Wednesday, November 14, 2012

So Far this Semester

This semester I am working with Jim McCusker on the Health Data Project as part of an independent study with Professor McGuinness.  I have been working on a variety of graphs and charts using the d3 visualization library.  All of the charts accept data and a json object which contians options.  I also have included clustering, polynomial and other analysis algorithms to improve the value of the charts.  So far I have created code which can produce bar graphs, heat mpas, parallel coordinates, pie charts, and scatter plots.

Above is an example of my pie chart graph.  Given an one dimensional array, it gives each entry a slice proportional to its area.  I plan on improving this graph, by adding an optional legend.  I am also trying to devise a way to assign colors based on some analysis of the data.  I was also planning on allowing each section to broken down further which would allow the creation of a radial tree.
The above graph is an example of my Parallel Coordinates graph.  The difference in color was produced using a K-means clustering algorithm.  The axes were ordered to minimize the linear and quadratic least squares regression errors between neighboring axes.  More information on this algorithm can be found here.  I implemented both of these analytical tools last semester.  Since then I have implemented a second ordering algorithm which relies on a more visual heuristic as opposed to a mathematical one.  The new algorithm minimizes the number of times the points cross.  I am also working on a heuristic which minimizes the total of slopes of the all the lines drawn.  I am also considering implemented a different clustering algorithm, Expectation Maximization (EM).  The EM algorithm produces the probabilities that each point lies in each cluster.  This unlike the K-Means algorithm which assigns each point to exactly one cluster.  Using the EM algorithm the color of each point can be based on these probabilities, which would allow for  easier identification of outliers.

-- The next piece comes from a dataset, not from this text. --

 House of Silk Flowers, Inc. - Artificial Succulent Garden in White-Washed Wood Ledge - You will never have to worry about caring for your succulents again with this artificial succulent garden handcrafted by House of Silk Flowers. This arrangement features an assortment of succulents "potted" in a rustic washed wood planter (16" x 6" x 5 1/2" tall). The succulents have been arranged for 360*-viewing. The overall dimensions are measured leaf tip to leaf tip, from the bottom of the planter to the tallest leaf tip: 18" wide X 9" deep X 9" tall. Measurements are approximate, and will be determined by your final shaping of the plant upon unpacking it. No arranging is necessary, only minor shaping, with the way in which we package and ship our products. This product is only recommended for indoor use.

The above graph is an example of my Scatter Plot chart.  This chart allows for the inclusion of a polynomial computed using a least squares algorithm.  The algorithm supports any polynomial of degree zero or more.  In the above graph, the polynomial has degree one.  The polynomial allows the trend in the data to be extenuated.
 Above is not a random assortment of colored rectangles, but an example of my Heat Map chart.   In its current state, the Heat Map is not very useful.  I plan on making improving by, making the transitions between the rectangles a gradient.  I also plan on adding an elegant way of displaying the names of the dimensions to give it more meaning.  I was also thinking about creating an algorithm that would allow the reordering of ordinal dimensions in order to minimize the difference between adjacent points.

 Above is an example of my Bar Chart.  It supports showing multiple dimensions at once, with a variable padding between each group.  The orientation of the chart can also adjusted by adjusting a single value in the json object supplied to the function.  Due to the nature of the Bar Chart, I have no planned analytic tools to which to add to the chart.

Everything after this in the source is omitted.